= Work task =
For the data below, retype word for word the lines from the one containing "Portion of a" through the one containing "Bed in Ibis Styles Suzhou Hushuguang"; drop the pictures.

= Data to process =
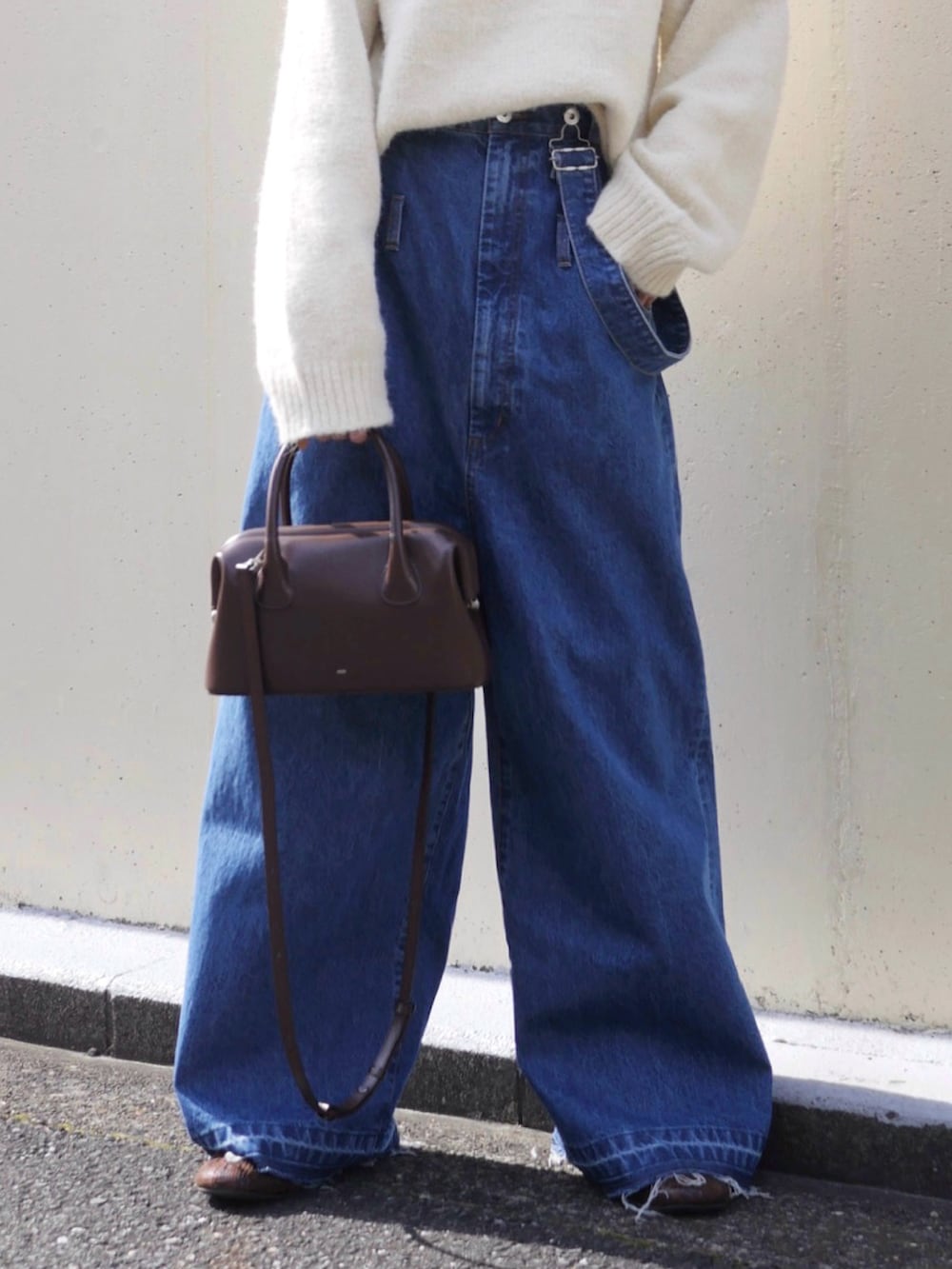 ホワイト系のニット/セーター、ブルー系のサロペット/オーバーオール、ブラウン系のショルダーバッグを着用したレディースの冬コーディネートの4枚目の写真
---
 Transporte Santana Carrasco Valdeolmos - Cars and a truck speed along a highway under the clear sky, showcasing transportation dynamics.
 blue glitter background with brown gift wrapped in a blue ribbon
--
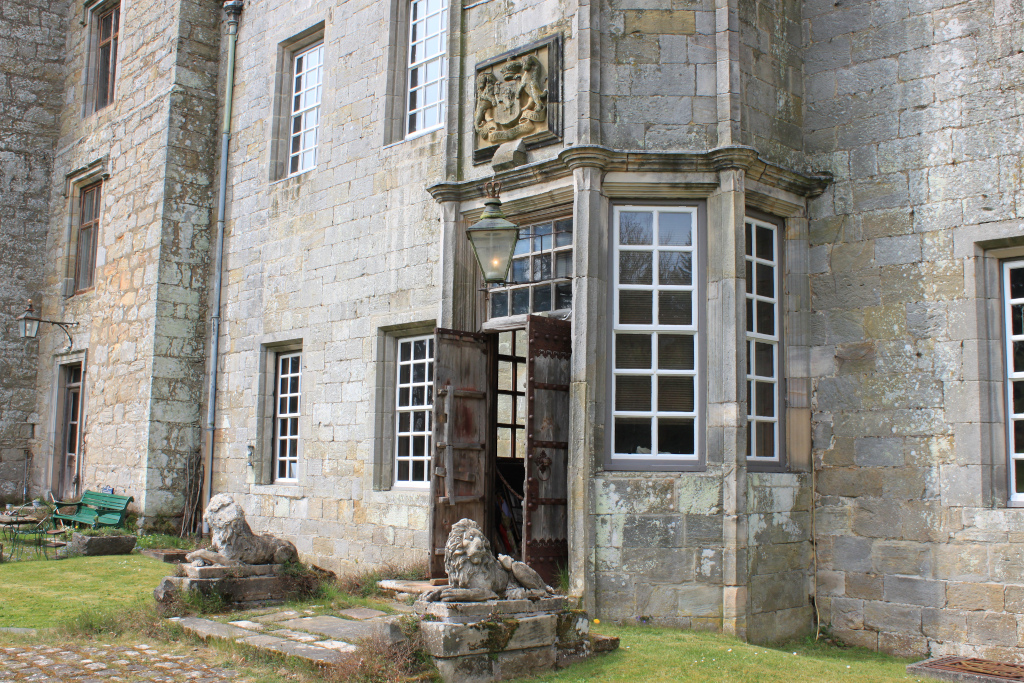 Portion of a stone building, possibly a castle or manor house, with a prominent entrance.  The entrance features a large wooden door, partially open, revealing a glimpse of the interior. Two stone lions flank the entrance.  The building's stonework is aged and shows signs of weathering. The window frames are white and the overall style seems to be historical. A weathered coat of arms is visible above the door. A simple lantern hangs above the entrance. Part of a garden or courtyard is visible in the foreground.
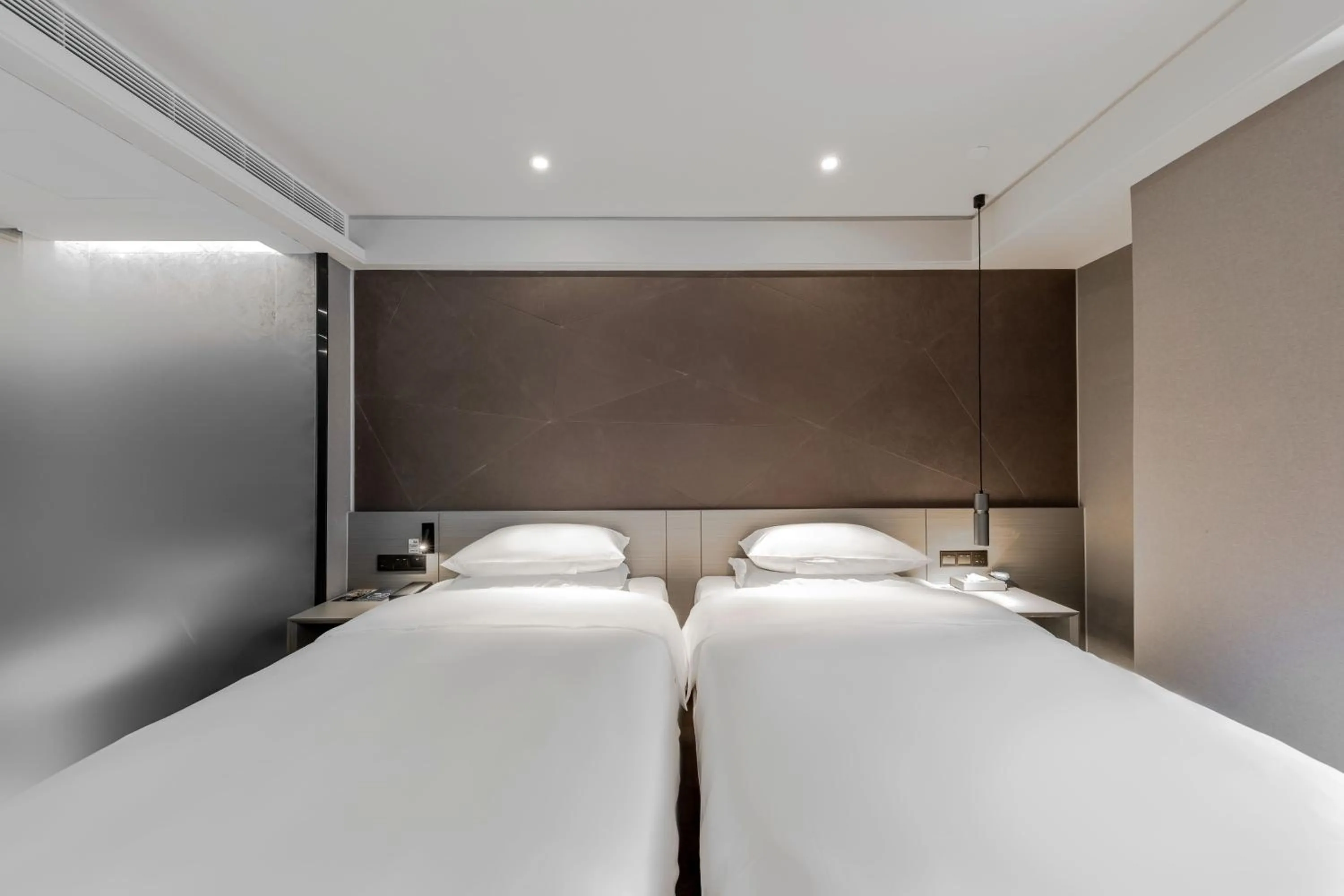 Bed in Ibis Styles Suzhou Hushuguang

= Response box =
 Portion of a stone building, possibly a castle or manor house, with a prominent entrance.  The entrance features a large wooden door, partially open, revealing a glimpse of the interior. Two stone lions flank the entrance.  The building's stonework is aged and shows signs of weathering. The window frames are white and the overall style seems to be historical. A weathered coat of arms is visible above the door. A simple lantern hangs above the entrance. Part of a garden or courtyard is visible in the foreground.
 Bed in Ibis Styles Suzhou Hushuguang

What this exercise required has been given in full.